#### Task goal
All lines up to and including the one that contains "Tokyo BABYLON /" are to be transcribed exactly, starting from the first line of the records.

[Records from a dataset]
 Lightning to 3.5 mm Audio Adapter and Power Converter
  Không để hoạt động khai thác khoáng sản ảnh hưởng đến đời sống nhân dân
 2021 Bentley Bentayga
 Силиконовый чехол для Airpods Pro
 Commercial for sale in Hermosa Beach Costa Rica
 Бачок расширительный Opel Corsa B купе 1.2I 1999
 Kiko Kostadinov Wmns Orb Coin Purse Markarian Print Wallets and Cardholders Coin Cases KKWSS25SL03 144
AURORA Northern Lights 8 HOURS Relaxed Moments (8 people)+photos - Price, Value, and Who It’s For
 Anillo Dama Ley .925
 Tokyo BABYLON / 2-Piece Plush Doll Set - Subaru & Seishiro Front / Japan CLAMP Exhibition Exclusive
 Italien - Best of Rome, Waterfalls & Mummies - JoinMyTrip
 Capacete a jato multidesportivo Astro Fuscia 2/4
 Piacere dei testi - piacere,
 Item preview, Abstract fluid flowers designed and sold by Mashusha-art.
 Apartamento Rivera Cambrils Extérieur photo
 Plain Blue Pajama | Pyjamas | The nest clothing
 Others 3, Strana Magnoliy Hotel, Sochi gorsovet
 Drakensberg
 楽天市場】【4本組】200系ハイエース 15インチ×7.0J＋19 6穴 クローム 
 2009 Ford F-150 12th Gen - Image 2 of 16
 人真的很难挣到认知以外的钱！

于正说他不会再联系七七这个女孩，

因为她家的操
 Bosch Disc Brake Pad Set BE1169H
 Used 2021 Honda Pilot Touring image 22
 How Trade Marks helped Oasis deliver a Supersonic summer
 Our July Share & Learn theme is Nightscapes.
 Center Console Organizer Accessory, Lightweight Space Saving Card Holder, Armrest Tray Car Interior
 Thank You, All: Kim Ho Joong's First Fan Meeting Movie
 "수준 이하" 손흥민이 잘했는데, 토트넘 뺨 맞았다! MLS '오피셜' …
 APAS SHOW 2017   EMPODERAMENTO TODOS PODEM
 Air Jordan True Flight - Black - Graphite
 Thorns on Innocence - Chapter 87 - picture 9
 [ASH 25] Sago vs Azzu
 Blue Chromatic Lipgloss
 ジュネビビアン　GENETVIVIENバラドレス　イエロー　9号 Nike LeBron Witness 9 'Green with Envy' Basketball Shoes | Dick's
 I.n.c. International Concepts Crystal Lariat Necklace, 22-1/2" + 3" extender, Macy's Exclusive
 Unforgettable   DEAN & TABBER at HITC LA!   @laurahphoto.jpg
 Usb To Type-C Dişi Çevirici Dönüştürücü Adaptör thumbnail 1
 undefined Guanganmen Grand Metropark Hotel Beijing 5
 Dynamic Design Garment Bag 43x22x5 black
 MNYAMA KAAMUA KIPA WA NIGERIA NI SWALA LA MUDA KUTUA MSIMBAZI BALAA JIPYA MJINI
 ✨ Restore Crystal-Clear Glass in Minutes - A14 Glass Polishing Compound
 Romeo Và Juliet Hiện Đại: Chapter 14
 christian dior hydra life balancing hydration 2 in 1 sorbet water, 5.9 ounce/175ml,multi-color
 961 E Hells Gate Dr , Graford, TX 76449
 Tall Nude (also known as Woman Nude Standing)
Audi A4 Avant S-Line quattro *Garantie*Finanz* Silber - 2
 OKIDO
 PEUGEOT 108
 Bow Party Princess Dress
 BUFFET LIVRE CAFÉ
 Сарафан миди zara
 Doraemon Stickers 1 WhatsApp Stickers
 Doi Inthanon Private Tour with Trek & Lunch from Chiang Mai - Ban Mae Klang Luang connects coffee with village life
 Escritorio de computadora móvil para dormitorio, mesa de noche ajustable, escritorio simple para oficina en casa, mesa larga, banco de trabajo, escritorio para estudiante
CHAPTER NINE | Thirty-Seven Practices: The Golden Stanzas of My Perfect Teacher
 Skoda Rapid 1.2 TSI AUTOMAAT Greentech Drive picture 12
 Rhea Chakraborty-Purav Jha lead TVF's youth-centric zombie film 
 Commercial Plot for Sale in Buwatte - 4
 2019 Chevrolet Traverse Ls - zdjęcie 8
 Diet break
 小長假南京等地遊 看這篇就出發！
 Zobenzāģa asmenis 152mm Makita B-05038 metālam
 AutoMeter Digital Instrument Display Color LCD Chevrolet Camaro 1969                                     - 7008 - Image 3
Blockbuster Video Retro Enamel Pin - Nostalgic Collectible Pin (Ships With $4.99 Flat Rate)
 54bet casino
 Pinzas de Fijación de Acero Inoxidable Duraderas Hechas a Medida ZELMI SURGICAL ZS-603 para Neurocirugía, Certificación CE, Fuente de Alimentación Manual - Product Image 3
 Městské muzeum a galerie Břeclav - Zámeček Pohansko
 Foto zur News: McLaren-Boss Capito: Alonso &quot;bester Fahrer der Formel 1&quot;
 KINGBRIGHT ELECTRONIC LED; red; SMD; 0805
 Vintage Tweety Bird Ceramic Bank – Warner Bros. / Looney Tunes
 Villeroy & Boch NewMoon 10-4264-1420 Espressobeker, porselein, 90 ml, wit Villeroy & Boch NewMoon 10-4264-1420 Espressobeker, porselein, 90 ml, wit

#### Written solution
 Lightning to 3.5 mm Audio Adapter and Power Converter
  Không để hoạt động khai thác khoáng sản ảnh hưởng đến đời sống nhân dân
 2021 Bentley Bentayga
 Силиконовый чехол для Airpods Pro
 Commercial for sale in Hermosa Beach Costa Rica
 Бачок расширительный Opel Corsa B купе 1.2I 1999
 Kiko Kostadinov Wmns Orb Coin Purse Markarian Print Wallets and Cardholders Coin Cases KKWSS25SL03 144
AURORA Northern Lights 8 HOURS Relaxed Moments (8 people)+photos - Price, Value, and Who It’s For
 Anillo Dama Ley .925
 Tokyo BABYLON / 2-Piece Plush Doll Set - Subaru & Seishiro Front / Japan CLAMP Exhibition Exclusive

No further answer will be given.